## WHAT YOU HAVE TO DO
The material below is to be copied exactly from the line with "It is blondie" up to and including the line with "Whoa! All right, adjust", with nothing else kept and no pictures.

## DATA SUPPLIED
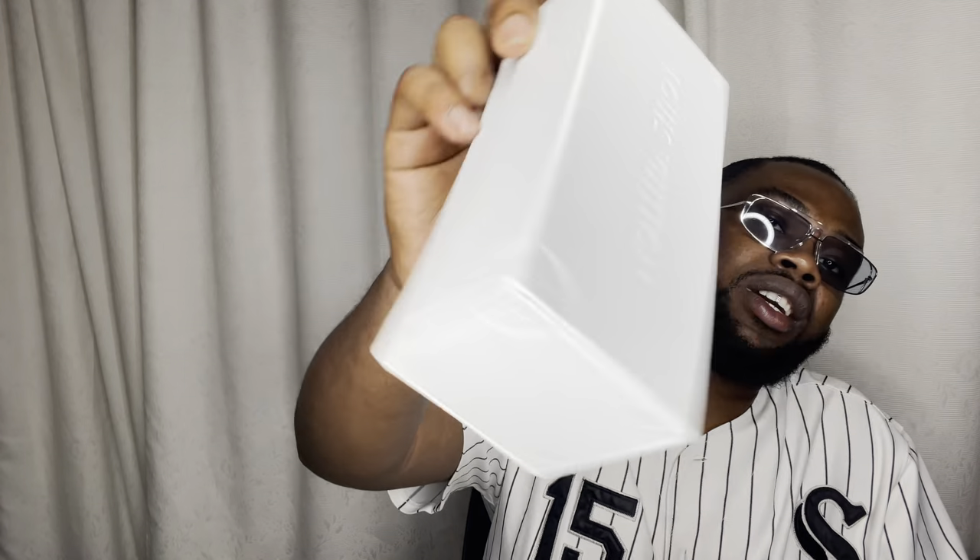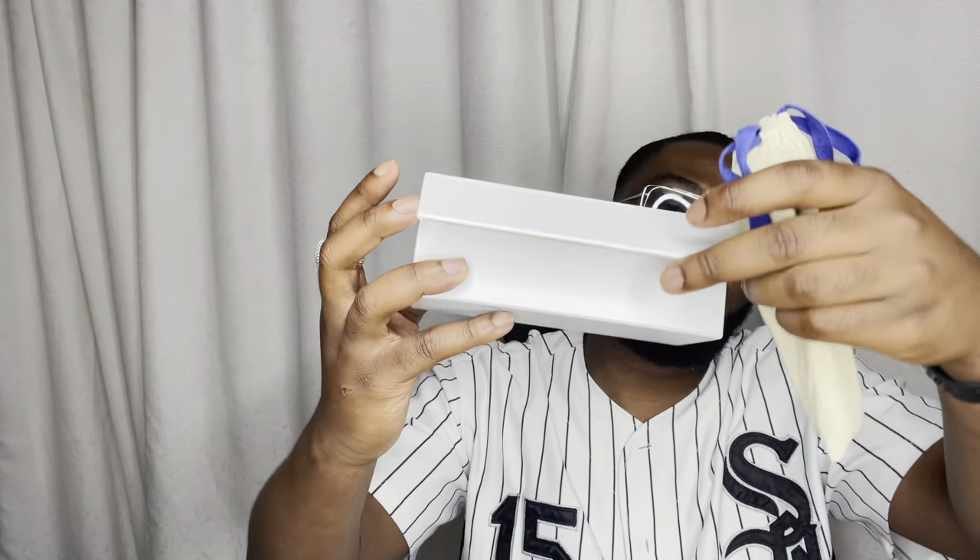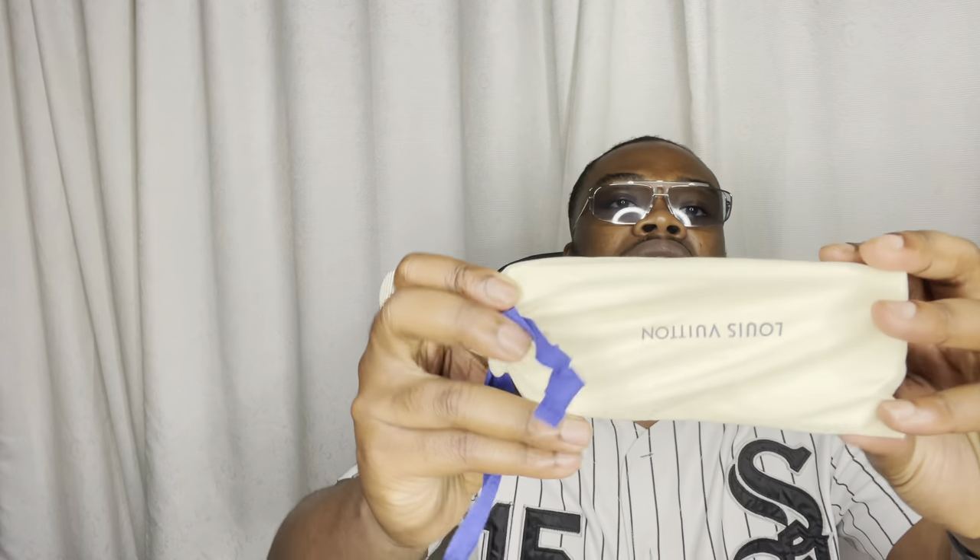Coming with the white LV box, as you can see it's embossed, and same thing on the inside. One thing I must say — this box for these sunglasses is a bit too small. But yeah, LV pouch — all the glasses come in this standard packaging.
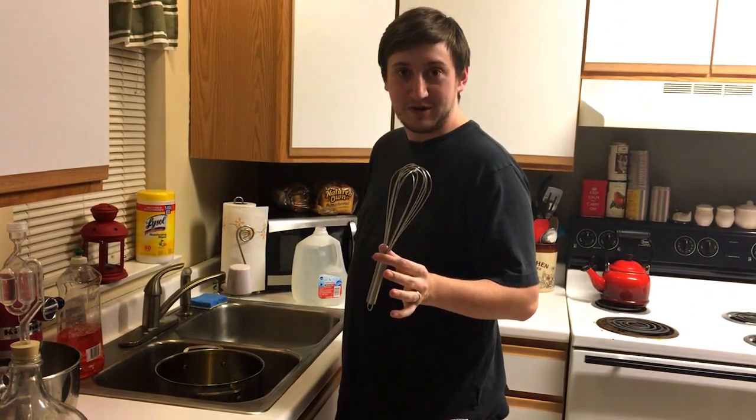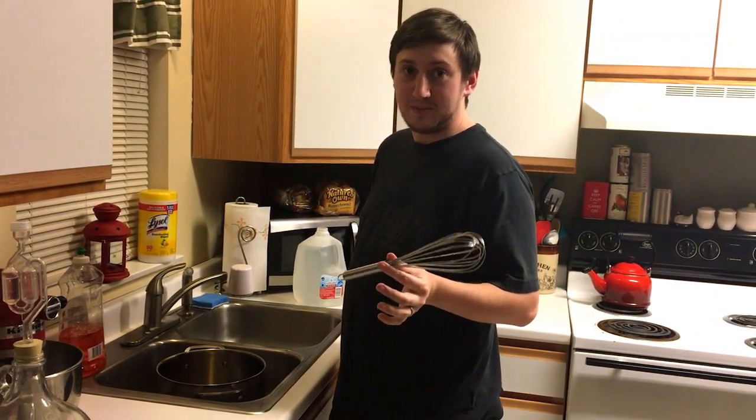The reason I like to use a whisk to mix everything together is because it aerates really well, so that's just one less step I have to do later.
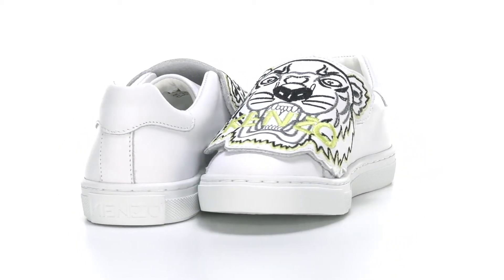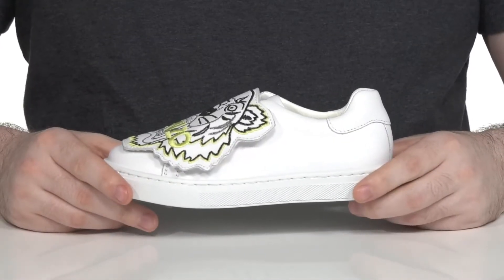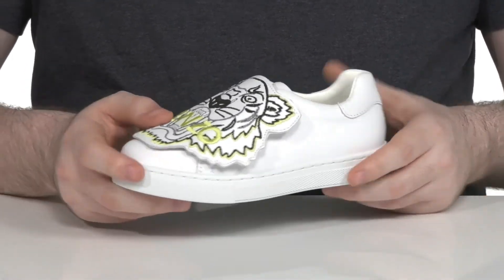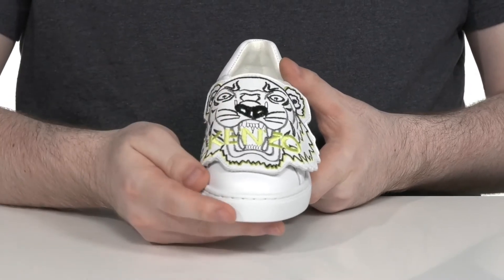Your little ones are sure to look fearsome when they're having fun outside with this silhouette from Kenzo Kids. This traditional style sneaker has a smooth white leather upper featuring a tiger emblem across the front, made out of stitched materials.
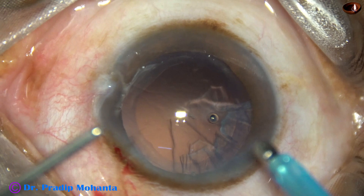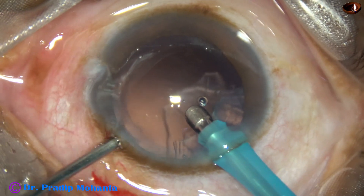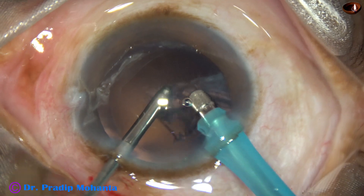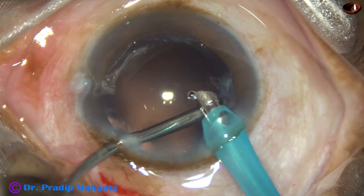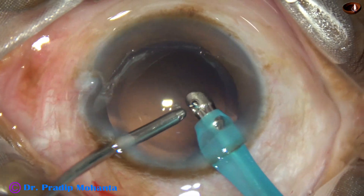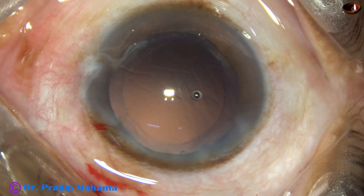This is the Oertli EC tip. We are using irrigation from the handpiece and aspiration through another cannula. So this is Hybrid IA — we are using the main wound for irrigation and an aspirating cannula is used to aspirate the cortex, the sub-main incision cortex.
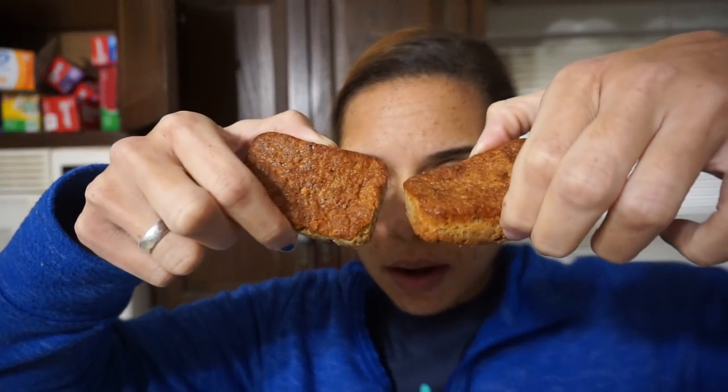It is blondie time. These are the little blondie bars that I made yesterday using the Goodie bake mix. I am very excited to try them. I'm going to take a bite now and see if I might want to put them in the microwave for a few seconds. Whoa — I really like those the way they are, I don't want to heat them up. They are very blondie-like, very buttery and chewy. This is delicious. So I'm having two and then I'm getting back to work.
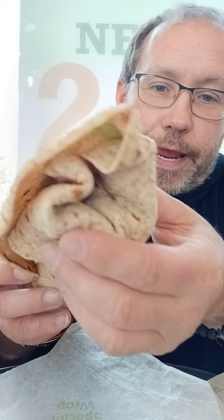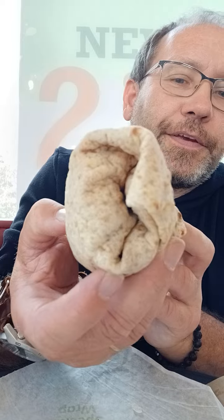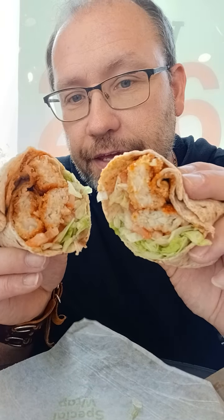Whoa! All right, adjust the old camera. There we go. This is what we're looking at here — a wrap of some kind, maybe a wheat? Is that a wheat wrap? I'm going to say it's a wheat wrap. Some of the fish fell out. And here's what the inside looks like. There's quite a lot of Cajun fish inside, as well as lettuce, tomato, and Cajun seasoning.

==

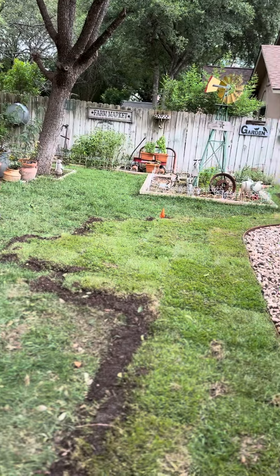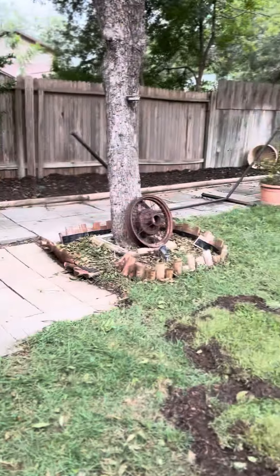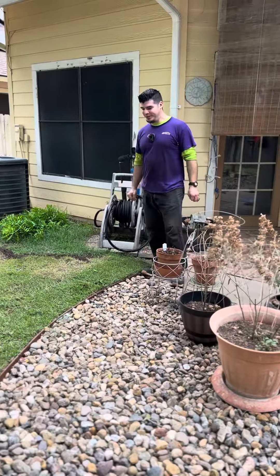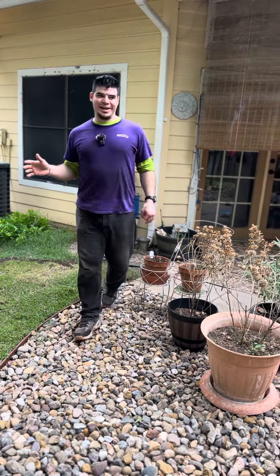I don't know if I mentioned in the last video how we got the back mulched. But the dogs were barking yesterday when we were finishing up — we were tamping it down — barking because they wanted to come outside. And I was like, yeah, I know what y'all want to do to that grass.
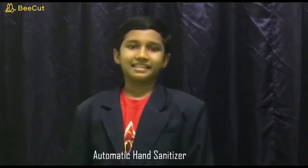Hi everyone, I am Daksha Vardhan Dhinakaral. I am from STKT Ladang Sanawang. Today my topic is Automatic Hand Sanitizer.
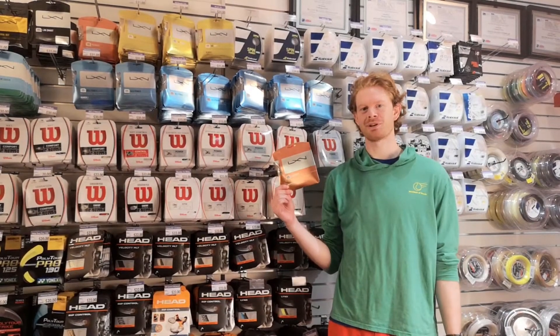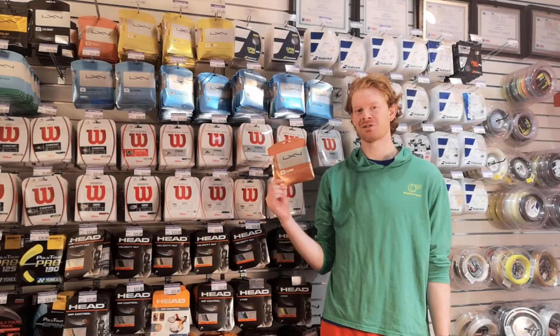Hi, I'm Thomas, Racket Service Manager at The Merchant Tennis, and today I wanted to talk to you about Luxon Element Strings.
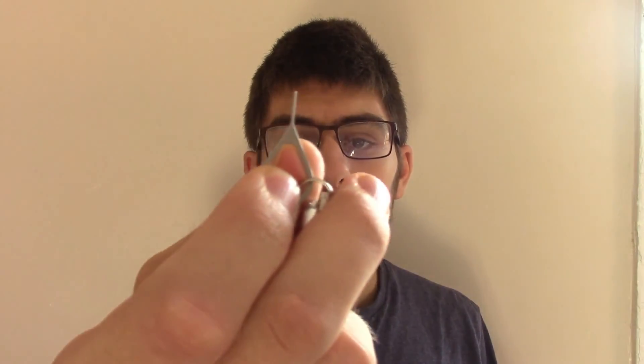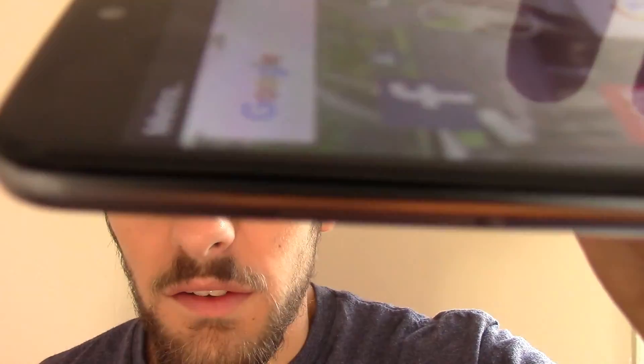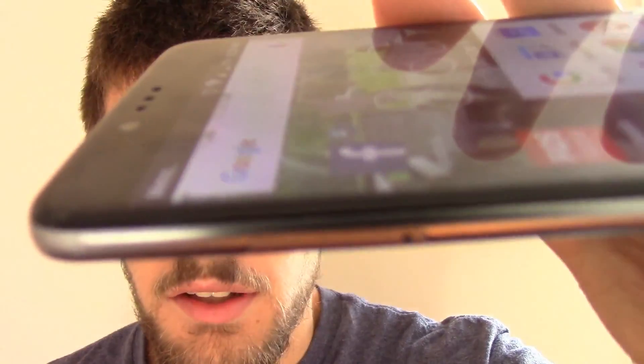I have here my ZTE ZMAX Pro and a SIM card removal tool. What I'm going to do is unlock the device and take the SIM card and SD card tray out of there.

## ANSWER SECTION
It is blondie time. These are the little blondie bars that I made yesterday using the Goodie bake mix. I am very excited to try them. I'm going to take a bite now and see if I might want to put them in the microwave for a few seconds. Whoa — I really like those the way they are, I don't want to heat them up. They are very blondie-like, very buttery and chewy. This is delicious. So I'm having two and then I'm getting back to work.
Whoa! All right, adjust the old camera. There we go. This is what we're looking at here — a wrap of some kind, maybe a wheat? Is that a wheat wrap? I'm going to say it's a wheat wrap. Some of the fish fell out. And here's what the inside looks like. There's quite a lot of Cajun fish inside, as well as lettuce, tomato, and Cajun seasoning.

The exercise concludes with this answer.